People who malign men, saying they are all lazy, irresponsible, can’t keep promises, double-crossers, they don’t get any traction with me.  Men that I know in this small town reach out to protect others.  A few are imports from places that had low standards or are too eager to make a profit, but I can name a dozen who are still hard-working, thoughtful, and intelligent.  Sometimes it's the women who are wicked.

One of the rites of passage unique to the Pacific Northwest is years spent in Alaska.  Mark speaks of his sojourn there with nostalgia though it was hard, miserable, life-threatening work on the sea.  To the Alaskan people, Montana is okay but not quite the intoxicant and legendary life of Alaska where only the tough survive.  For a while he was in Sequim, WA, a town I know a bit because of relatives.  But it’s regulated and civilized.

My neighbor across the street is also a contractor.  He and Gold were caught in the same sudden economic cataclysm that strangles new construction.  Thus Mark is able to pick up jobs he wouldn’t have looked at earlier.  He works to the same standard as he did before, which isn’t easy with old twisted improvised houses.

I’ve been embarrassed and apologetic about the state of my house and yard — even my pickup and wardrobe — but haven’t had the energy or imagination to do much about it the way I did when I first came twenty years ago.  Now I begin to understand why.  

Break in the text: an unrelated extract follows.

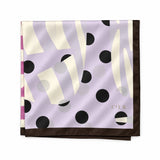 A folded square silk scarf with an abstract pattern featuring black polka dots, cream-colored wavy stripes, and a lavender-purple background, finished with a dark brown border. CIER logo printed on the bottom right.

Mark and then Jim, a bit older and the technical chief contractor, went on the roof and looked down my so-called furnace vent.  It was rotted out and so was the vent for the hot water heater.  They called in a plumber from Bain who tells me my gas floor furnace — beloved by cats — is beyond repair and my gas hot water heater is out of code.  They both had to be shut off.  But now I feel as though I were recovering from a case of flu I I had all winter.  It was a case of "flue", I guess.  I have no heat but small electric heaters and no hot water except what I heat on the stove which luckily is electric.  

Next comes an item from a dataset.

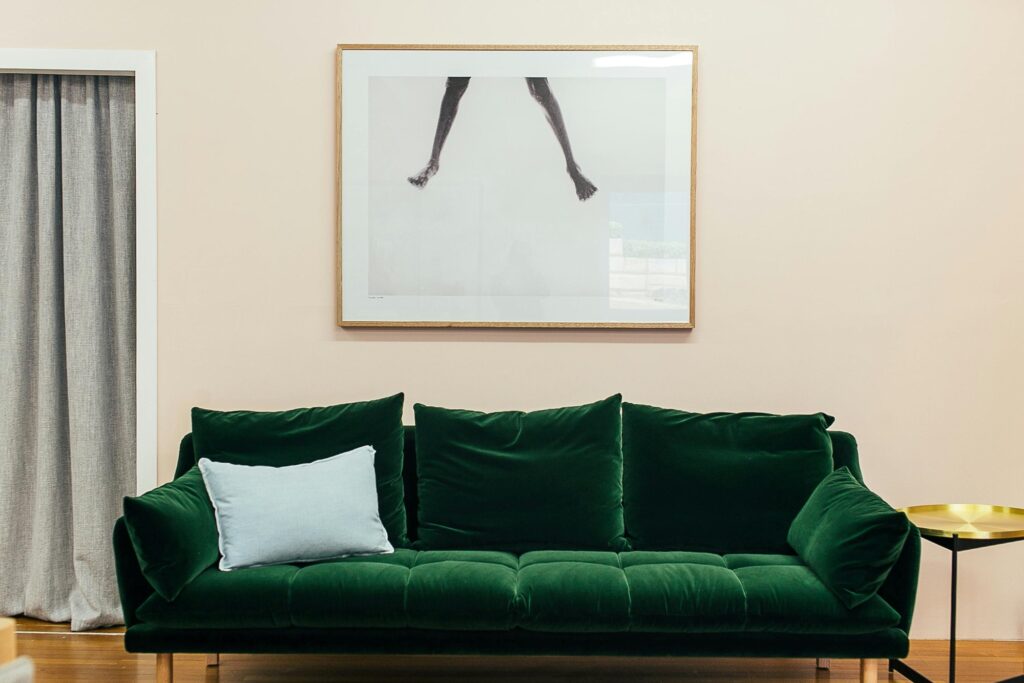 A green velvet sofa in a modern flat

I’d asked a previous plumber to look at the vent systems and he said they were okay, so I didn’t think about that anymore.  Probably I’ve been gassed all winter and even flirting with death from carbon monoxide.  My health improved when it was warm enough to open doors and windows and even now I can feel the difference from the pilot lights being shut off.

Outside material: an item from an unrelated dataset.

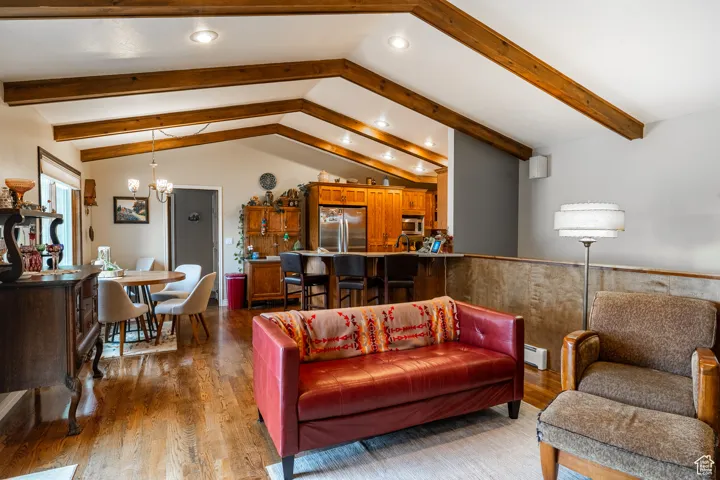 Living area with recessed lighting, a chandelier, dark wood finished floors, baseboard heating, and a wainscoted wall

One of the aspects of the urbanization of the population is that so few even know how things work.  In cities it all tends to be a mystery, esp since so many householders are single females, maybe with children.  It was a mistake to think that only men should know about houses and another mistake not to teach the basics of “this old house” in high school.

Not every workman has high standards and good manners.  A few have been patronizing and most are dismayed by my scuzzy housekeeping.  In this town people survive as clusters who help each other.  The solitaries are usually old men who just neglect everything.  Like me.  All I care about is writing and I let everything else crash.  When the world reaches a stable “new normal,” I may be able to sell writing.  In the meantime, now that I’m not breathing fumes all day and night, my energy level is rising.

But I will never reach the drive and dexterity, the persistence and balance of my roofer.  I NEED men like him to keep my house from collapsing.  But in a civilization that is also collapsing — and he’s keenly aware of that — we’re all worried.  As for Jim, he went elk hunting close to where Bob and I used to hunt on horseback west of Augusta.  More dangerous than roofing!

The rest of the story is that on Sunday morning when half the roof was shingled but the other half didn’t have the plastic sheeting yet, Mark was in Great Falls and didn’t know when it began to rain.  Jim knew and came at once early on Sunday morning to get the sheeting in place.  By the time he had finished, the rain stopped!  This is the world of men like Jim who keep their promises and protect their customers.  No cute name for his company, no girl in an office, just a guy who has a good reputation in small towns that watch everything.